2. The apparatus according to claim 1, wherein said pallet body includes a check valve arranged between said first and second suction ports and said suction holes, with said check valve being for only permitting air to flow from said suction holes to said first and second suction ports.

3. The apparatus according to claim 1, wherein said loading section comprises

a loading stage onto which said pallet is to be placed, and

a board carry-in mechanism for carrying the board from outside the apparatus onto said pallet when said pallet is on said loading stage.

4. The apparatus according to claim 3, wherein said loading stage comprises

a sucking mechanism for sucking and holding said pallet, and

a suction source to be connected to said first suction port.

5. The apparatus according to claim 3, wherein said board carry-in mechanism comprises

a carry-in slider for carrying the board into the apparatus from outside the apparatus, and

a loader for transferring the board from said carry-in slider to said pallet when said pallet is on said loading stage.

6. The apparatus according to claim 5, wherein said unloading section comprises

an unloading stage onto which said pallet is to be placed, and

a board carry-out mechanism for carrying the board from said pallet, when said pallet is on said unloading stage, to outside the apparatus.

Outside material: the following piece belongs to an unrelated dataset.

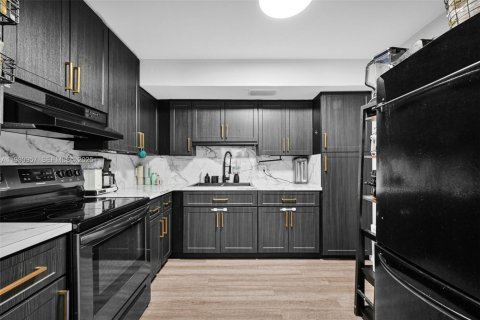 Copropriété à vendre à Hollywood, Floride: 2 chambres, 115.38 m2 № 1989732 - photo 21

7. The apparatus according to claim 6, wherein said unloading stage comprises

a suction mechanism for sucking and holding said pallet, and

a suction source to be connected to said first suction port.

8. The apparatus according to claim 6, wherein said board carry-out mechanism comprises

a carry-out slider for carrying the board from the apparatus to outside the apparatus, and

an unloader for transferring the board from said pallet, when said pallet is on unloading stage, to said carry-out slider.